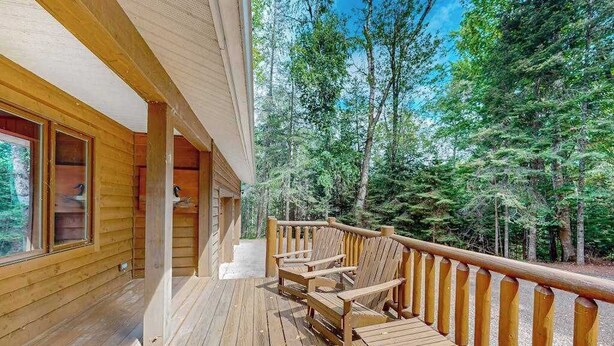 Eine Holzterrasse mit Sitzgelegenheiten, umgeben von Wald.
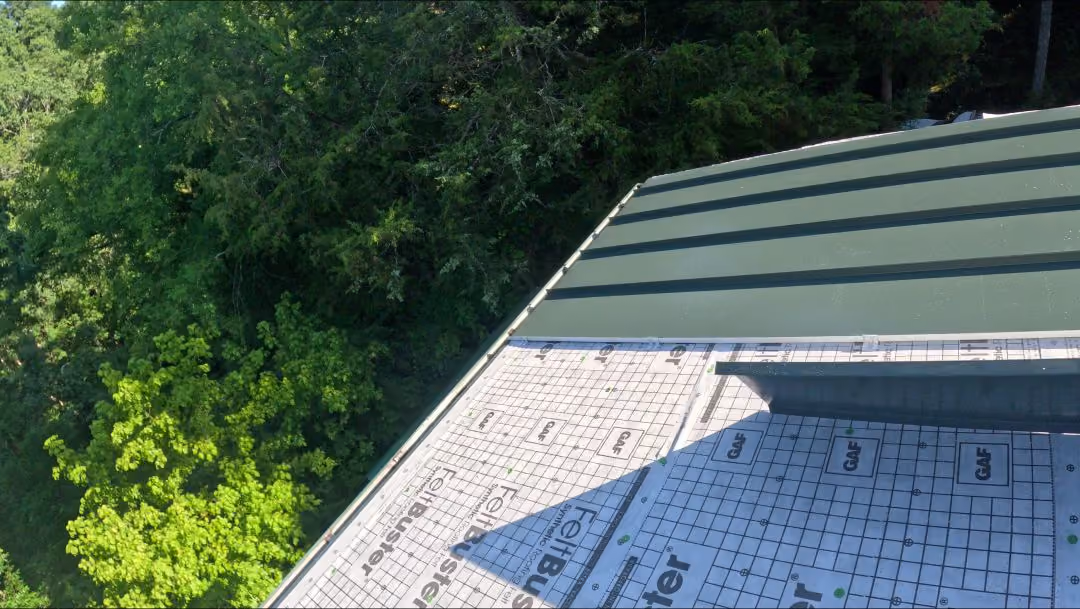 Green metal roof partially covered with roofing underlayment beside leafy green trees.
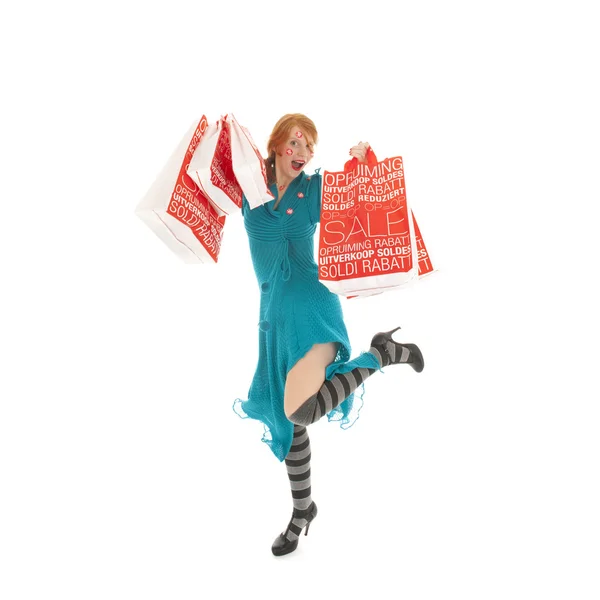 Woman jumping with sale shopping bags — Stock Photo, Image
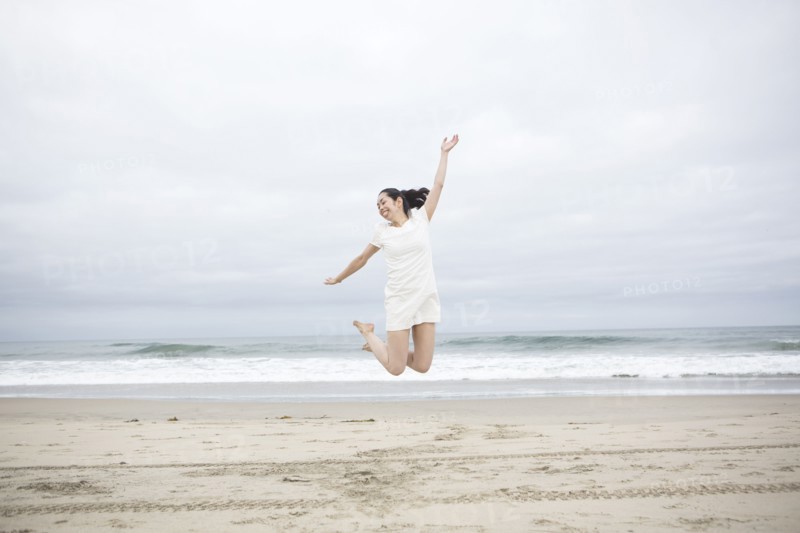 Woman jumping for joy on beach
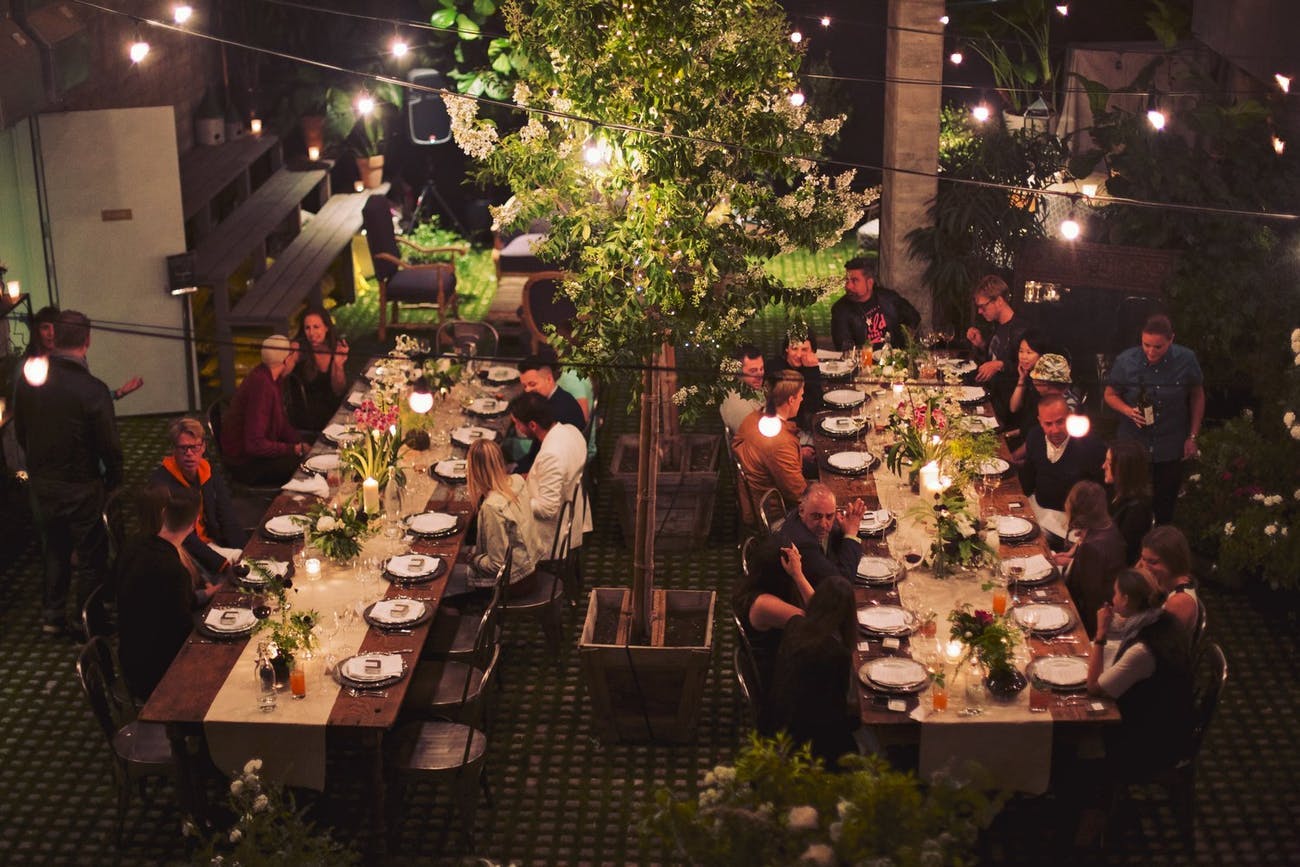 Greenery ceiling decor with candle lighting at corporate event | PartySlate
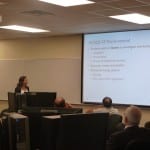 A woman presents a lecture to an audience in a conference room with a powerpoint slide visible in the background.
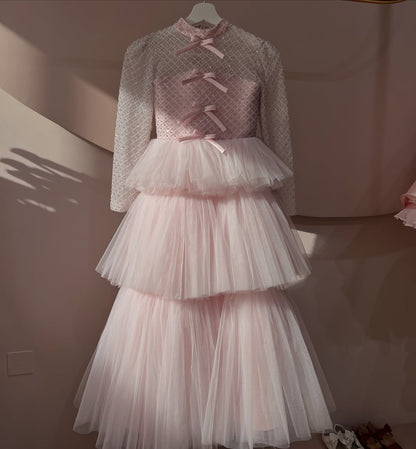 Delicate and elegant baby dress crafted in soft blush pink tones
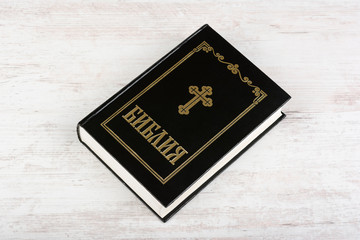 Holy Bible on white wooden background. Religion concept and faith. Cyrillic text means Bible in bulgarian and russian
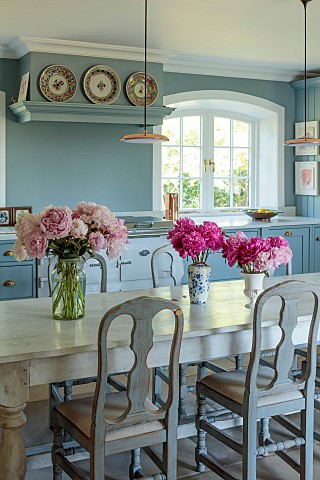PRIVATE_GARDEN_DEDHAM_VALE_SUFFOLK_KITCHEN_TABLE_REPRODUCTION_OF_A_FRENCH_MONASTERY_TABLE_PINK_PEONI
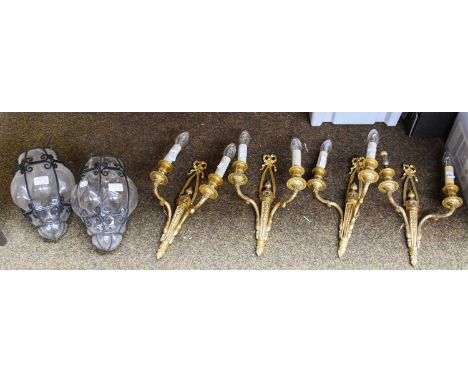 A Set of Four Gilt Metal Twin-Light Wall Sconces, together with two iron and blown glass lanterns (6)Wall lights - 36cm by 25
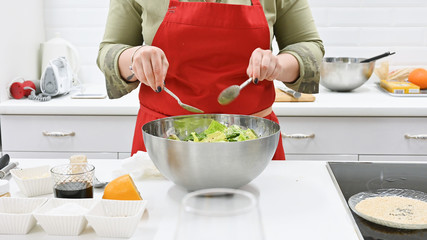 the cook is preparing a salad salad. vegetarian food. cook in the kitchen.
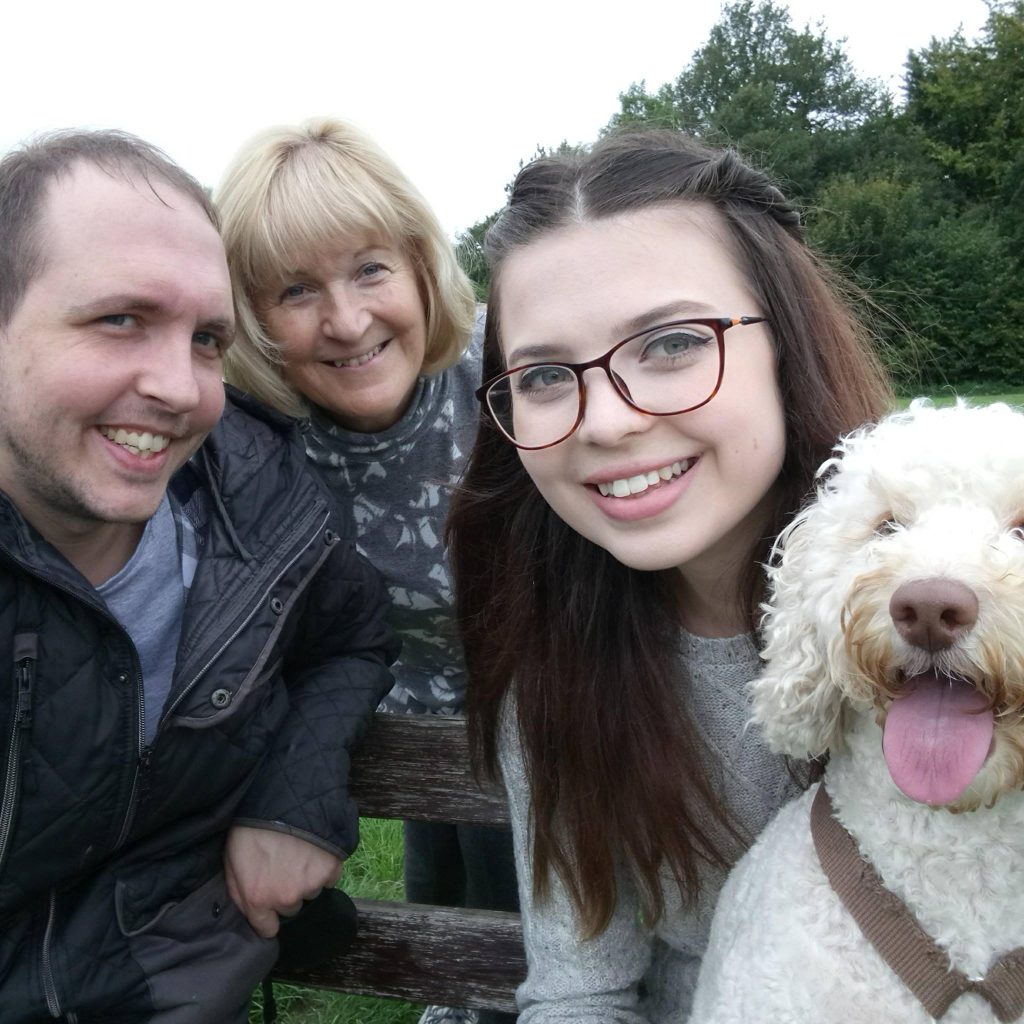 Jenni smiling at the camera, with a white, curly haired dog on her lap. Next to her is a man and woman who are also smiling.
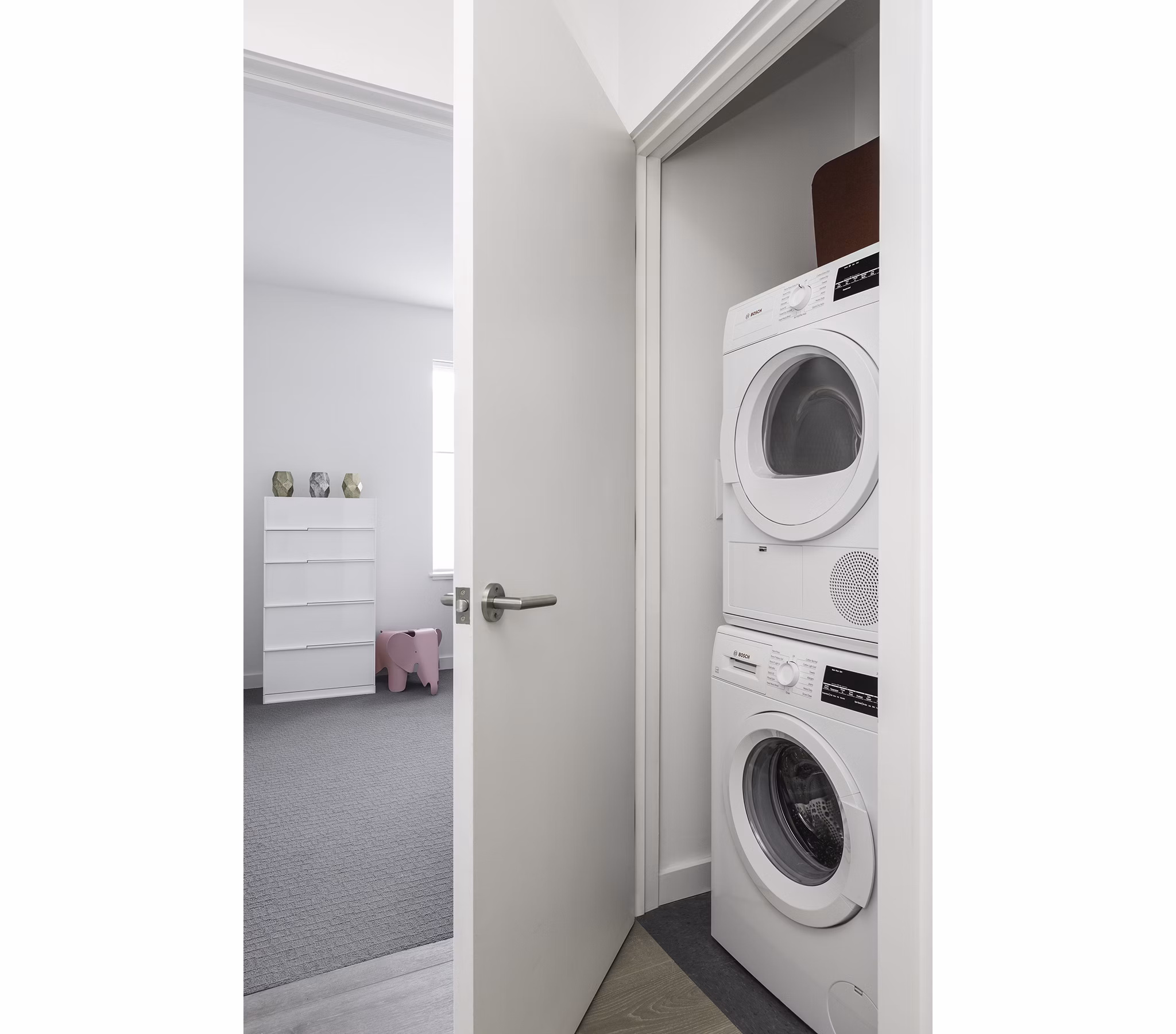 Laundry room with modern washers and dryers in Union House Apartments, a luxury complex designed for convenient city living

§

(Directions)
Look for the line that contains "the cook is", then please copy it and the rest of the lines through the end of the data, pictures excluded.

(Finished exercise)
 the cook is preparing a salad salad. vegetarian food. cook in the kitchen.
 Jenni smiling at the camera, with a white, curly haired dog on her lap. Next to her is a man and woman who are also smiling.
 Laundry room with modern washers and dryers in Union House Apartments, a luxury complex designed for convenient city living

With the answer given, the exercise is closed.